The average density of the Moon is 3.344 grams per cubic centimeter, about 60 percent of Earth’s, which means it is not an artificial, hollow spaceship as some have believed, although there may well be vast caverns in its crust, including lava tubes dwarfing those on Earth (see sidebar). NASA is already considering the astronaut housing possibilities in such immense spaces beneath the surface. These natural caverns have roofs estimated to be tens of meters thick, which would provide protection from the extreme conditions existing above the surface. The habitat would be protected from solar radiation, micro-meteorites, extreme temperature fluctuations—believed to be stable in lava tubes—as well as winds, and regolith dust storms that could threaten human health and technology. These naturally occurring shelters would also reduce the landed payload mass for manned missions and save on the costs of any mining. More on lava tubes later.
The Moon’s relatively low density means that it has fewer heavy elements than Earth, a slightly different chemical composition. But within each element, like oxygen or iron, there are certain ratios of different isotopes, chemically the same but with different numbers of neutrons in their atomic nuclei. The Moon’s isotope ratios are slightly different than those on Earth, making it possible to identify meteorites of lunar origin, presumably blasted off the Moon by asteroid impacts and found on Earth in places like Antarctica, where they are easy to spot and where we also find meteorites from Mars, with a much different isotope ratio.

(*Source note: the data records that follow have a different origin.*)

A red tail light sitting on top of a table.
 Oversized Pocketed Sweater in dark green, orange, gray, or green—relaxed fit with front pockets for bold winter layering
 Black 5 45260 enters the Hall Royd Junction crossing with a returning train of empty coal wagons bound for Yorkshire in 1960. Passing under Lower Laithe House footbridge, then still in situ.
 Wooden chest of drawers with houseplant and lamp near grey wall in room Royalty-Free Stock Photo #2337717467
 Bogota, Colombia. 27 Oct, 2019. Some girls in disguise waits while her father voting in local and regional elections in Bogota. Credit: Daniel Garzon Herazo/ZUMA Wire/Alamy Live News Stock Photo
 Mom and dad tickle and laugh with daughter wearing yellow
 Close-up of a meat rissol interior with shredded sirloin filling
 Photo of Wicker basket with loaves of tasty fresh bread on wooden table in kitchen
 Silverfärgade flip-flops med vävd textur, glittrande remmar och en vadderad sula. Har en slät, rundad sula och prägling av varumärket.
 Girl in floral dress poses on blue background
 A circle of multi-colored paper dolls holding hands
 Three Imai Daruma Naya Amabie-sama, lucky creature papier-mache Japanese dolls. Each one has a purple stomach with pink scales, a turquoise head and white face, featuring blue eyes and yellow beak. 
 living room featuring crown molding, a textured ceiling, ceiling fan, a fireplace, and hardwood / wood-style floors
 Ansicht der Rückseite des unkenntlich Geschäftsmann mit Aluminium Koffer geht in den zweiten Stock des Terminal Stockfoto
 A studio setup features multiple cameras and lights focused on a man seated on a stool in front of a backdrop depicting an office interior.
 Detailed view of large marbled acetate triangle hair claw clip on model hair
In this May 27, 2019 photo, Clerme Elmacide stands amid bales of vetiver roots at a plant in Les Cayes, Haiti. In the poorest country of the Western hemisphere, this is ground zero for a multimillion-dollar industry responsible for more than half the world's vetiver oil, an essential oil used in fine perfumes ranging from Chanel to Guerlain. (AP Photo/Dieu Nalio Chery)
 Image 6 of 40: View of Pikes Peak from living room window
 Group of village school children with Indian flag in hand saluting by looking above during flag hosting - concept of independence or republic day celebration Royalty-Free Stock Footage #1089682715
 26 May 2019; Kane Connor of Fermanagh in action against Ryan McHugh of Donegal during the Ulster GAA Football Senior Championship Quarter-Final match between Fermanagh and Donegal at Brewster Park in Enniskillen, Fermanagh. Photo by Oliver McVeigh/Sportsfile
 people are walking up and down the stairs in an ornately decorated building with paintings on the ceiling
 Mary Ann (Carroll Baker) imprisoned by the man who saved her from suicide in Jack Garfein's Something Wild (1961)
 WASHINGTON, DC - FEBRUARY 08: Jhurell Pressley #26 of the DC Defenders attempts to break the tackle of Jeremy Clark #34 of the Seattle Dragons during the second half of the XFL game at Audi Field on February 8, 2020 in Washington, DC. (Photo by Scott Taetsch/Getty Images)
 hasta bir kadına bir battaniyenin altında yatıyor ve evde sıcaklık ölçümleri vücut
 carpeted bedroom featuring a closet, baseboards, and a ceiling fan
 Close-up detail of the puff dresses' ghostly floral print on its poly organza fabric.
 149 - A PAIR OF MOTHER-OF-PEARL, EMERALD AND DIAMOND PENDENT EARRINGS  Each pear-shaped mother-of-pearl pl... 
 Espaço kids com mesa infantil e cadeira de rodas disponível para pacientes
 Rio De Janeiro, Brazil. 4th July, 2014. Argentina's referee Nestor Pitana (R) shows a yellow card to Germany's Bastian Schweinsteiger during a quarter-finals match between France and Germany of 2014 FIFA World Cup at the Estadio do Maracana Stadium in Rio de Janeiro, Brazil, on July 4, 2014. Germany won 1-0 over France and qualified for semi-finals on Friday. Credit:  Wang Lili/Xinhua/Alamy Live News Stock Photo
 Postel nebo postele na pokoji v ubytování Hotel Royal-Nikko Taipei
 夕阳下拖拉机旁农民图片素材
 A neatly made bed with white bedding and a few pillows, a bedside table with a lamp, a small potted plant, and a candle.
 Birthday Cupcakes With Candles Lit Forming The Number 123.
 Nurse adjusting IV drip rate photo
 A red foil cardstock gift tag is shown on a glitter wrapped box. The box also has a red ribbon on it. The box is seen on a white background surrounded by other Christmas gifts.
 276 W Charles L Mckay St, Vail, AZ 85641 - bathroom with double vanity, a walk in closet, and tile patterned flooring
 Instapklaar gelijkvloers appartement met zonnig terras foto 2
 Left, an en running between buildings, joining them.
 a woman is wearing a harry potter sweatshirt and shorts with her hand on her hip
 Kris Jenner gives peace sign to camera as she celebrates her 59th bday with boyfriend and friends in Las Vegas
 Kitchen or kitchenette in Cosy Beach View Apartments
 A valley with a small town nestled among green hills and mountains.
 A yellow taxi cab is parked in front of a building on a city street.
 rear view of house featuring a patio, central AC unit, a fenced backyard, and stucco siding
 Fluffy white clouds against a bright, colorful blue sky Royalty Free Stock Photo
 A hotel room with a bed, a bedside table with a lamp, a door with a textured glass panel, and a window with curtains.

The Moon’s formation is a mystery yet to be solved. If Earth and Moon had formed from the same accretion disk, they would have a near identical mix of elements and hence a near identical density, but they don’t. Furthermore, the Earth/Moon system has too much angular momentum to have been formed this way. The Moon orbits Earth west to east (the way the Earth turns on its axis) at just 5.14 degrees off our ecliptic—a plane passing through Earth’s equator. Astronomers believe that the odds against Earth capturing a satellite like the Moon are, well, astronomical. For it to be in its west-to-east equatorial orbit as well, though, is just about impossible.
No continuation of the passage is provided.